**EXERCISE**
The listing is to be transcribed in full, with its images left out.

**RECORDS FOR THE EXERCISE**
────────────────────────────────────────
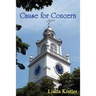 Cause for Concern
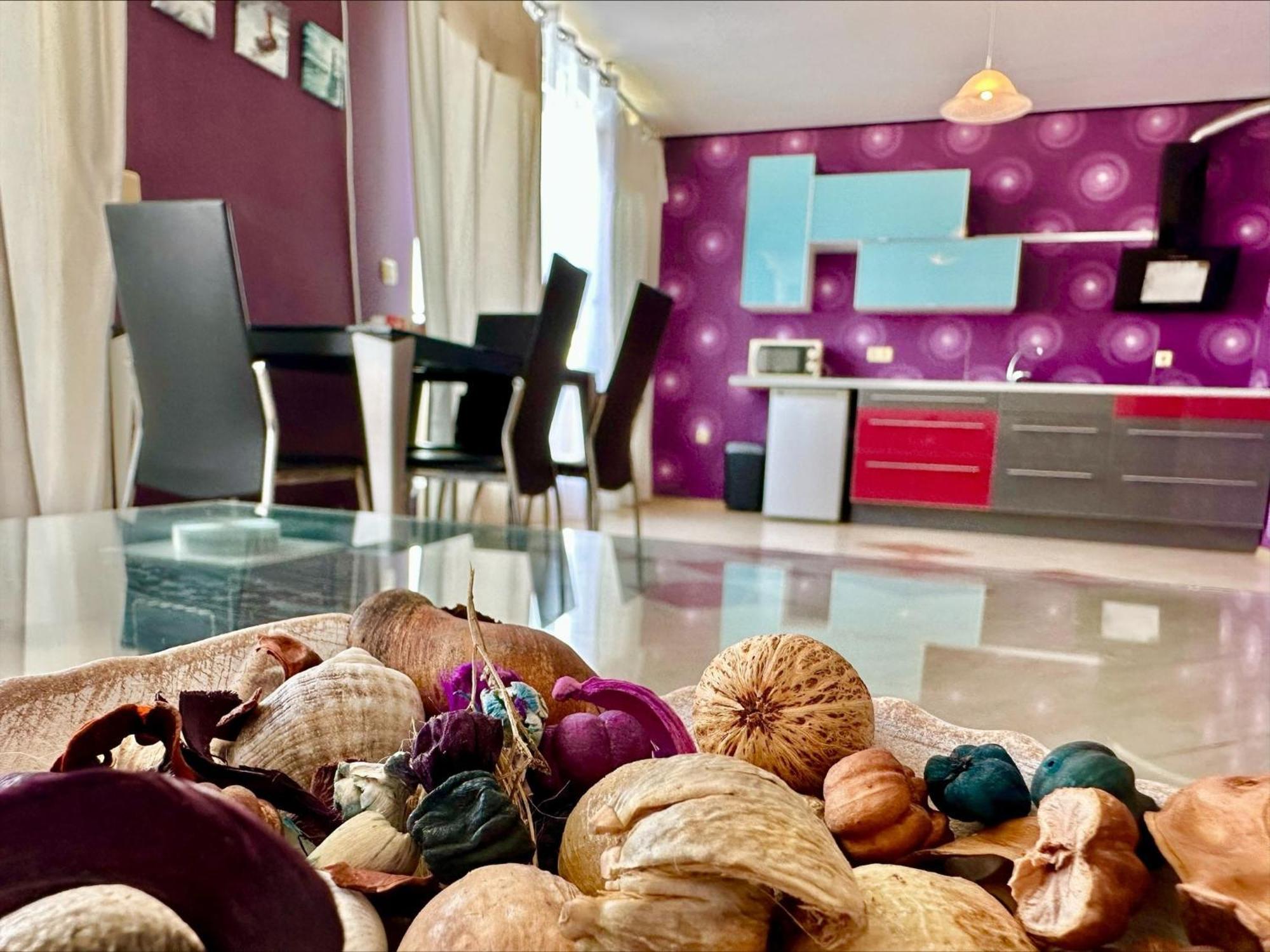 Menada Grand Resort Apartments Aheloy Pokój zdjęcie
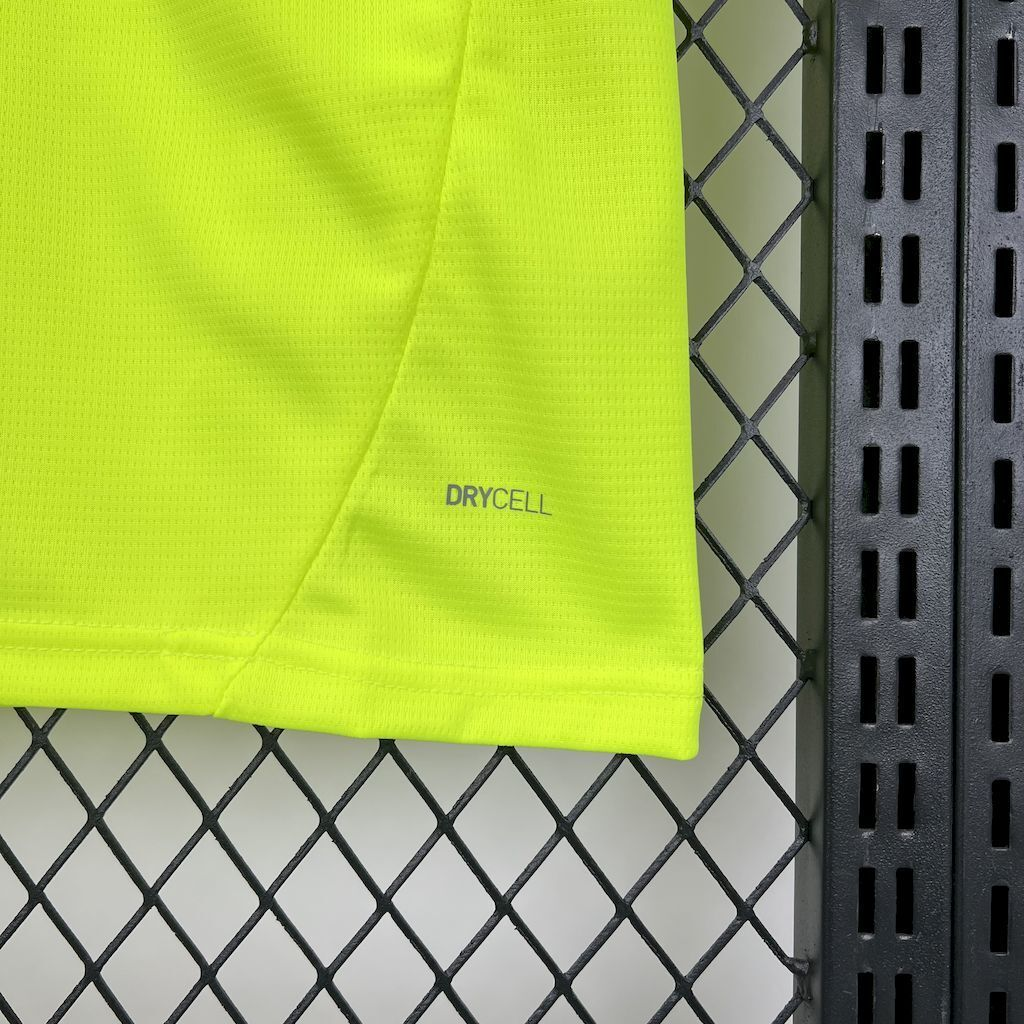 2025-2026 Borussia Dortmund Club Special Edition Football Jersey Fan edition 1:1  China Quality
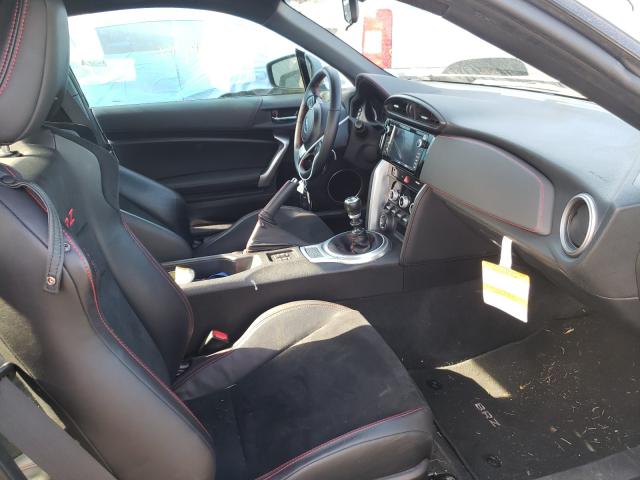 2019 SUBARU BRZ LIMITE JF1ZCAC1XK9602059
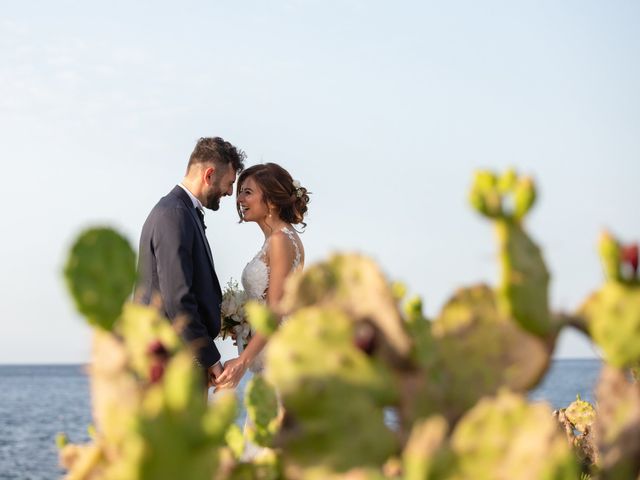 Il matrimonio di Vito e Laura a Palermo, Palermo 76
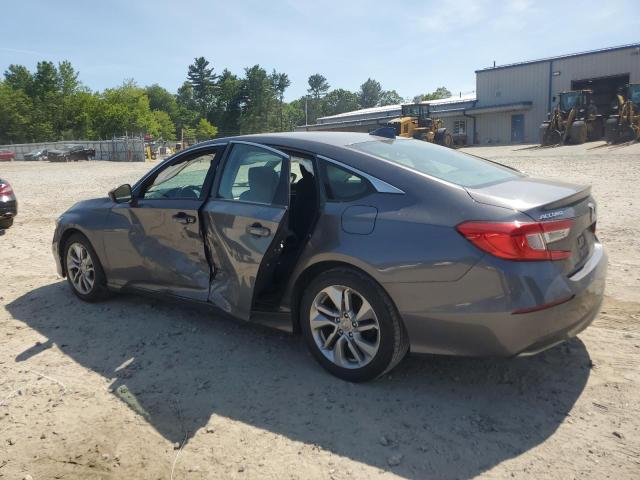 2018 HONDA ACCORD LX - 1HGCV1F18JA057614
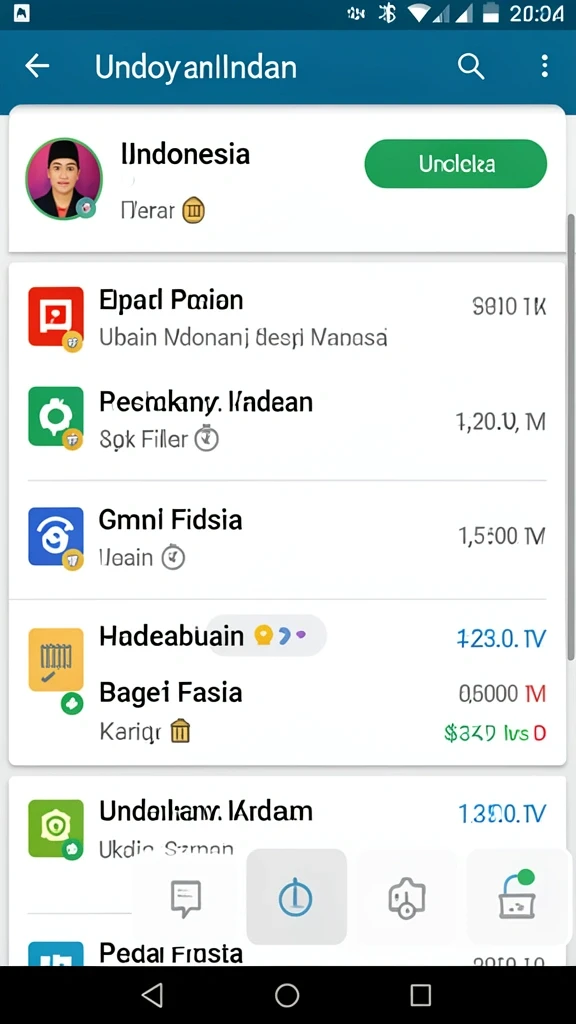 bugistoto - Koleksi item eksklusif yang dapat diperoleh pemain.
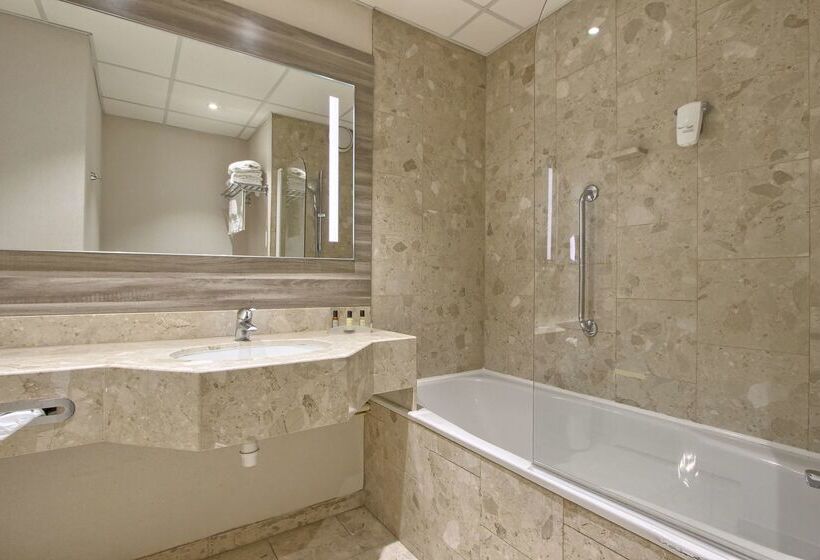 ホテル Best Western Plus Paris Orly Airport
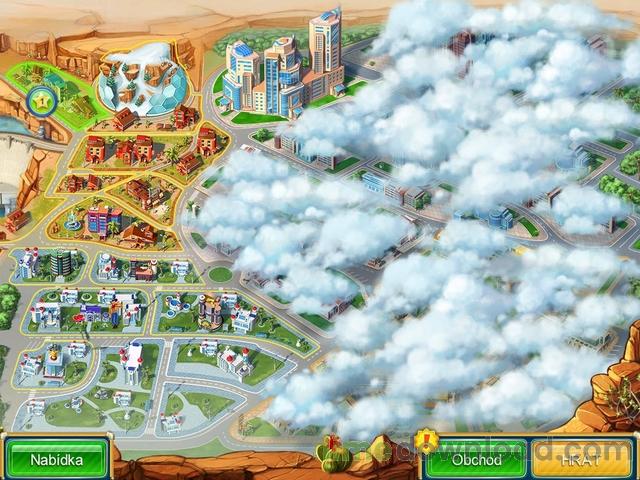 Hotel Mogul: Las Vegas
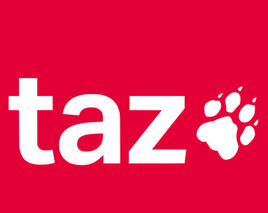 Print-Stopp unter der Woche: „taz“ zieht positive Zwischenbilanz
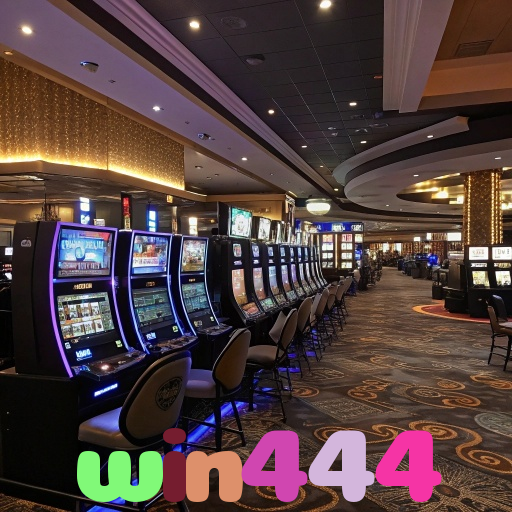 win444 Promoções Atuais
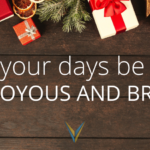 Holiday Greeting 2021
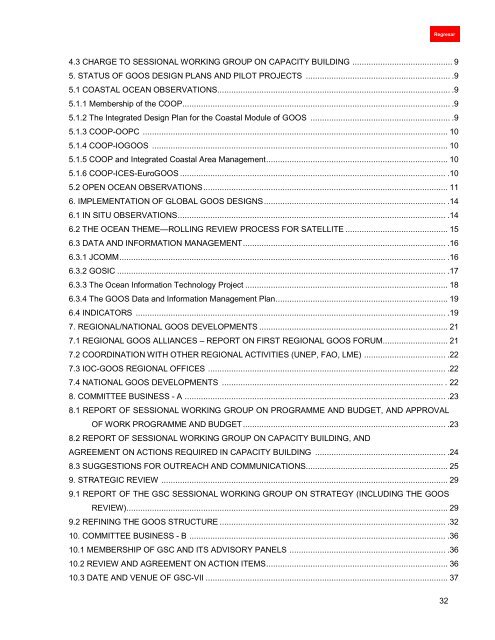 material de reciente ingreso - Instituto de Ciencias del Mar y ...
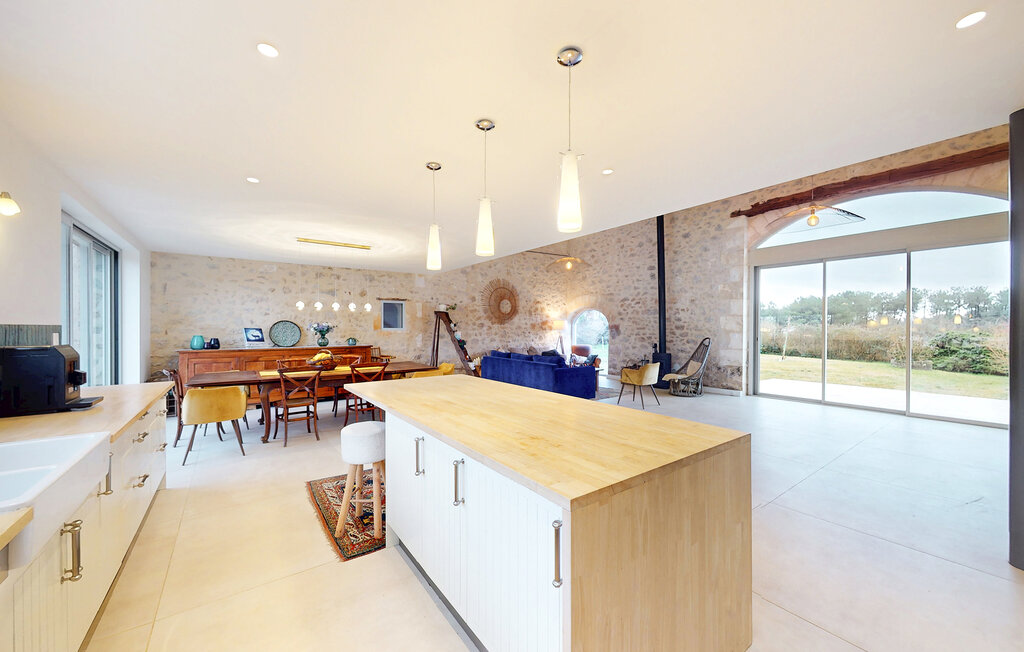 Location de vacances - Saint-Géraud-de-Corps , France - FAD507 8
────────────────────────────────────────
**ANSWER BOX**
 Cause for Concern
 Menada Grand Resort Apartments Aheloy Pokój zdjęcie
 2025-2026 Borussia Dortmund Club Special Edition Football Jersey Fan edition 1:1  China Quality
 2019 SUBARU BRZ LIMITE JF1ZCAC1XK9602059
 Il matrimonio di Vito e Laura a Palermo, Palermo 76
 2018 HONDA ACCORD LX - 1HGCV1F18JA057614
 bugistoto - Koleksi item eksklusif yang dapat diperoleh pemain.
 ホテル Best Western Plus Paris Orly Airport
 Hotel Mogul: Las Vegas
 Print-Stopp unter der Woche: „taz“ zieht positive Zwischenbilanz
 win444 Promoções Atuais
 Holiday Greeting 2021
 material de reciente ingreso - Instituto de Ciencias del Mar y ...
 Location de vacances - Saint-Géraud-de-Corps , France - FAD507 8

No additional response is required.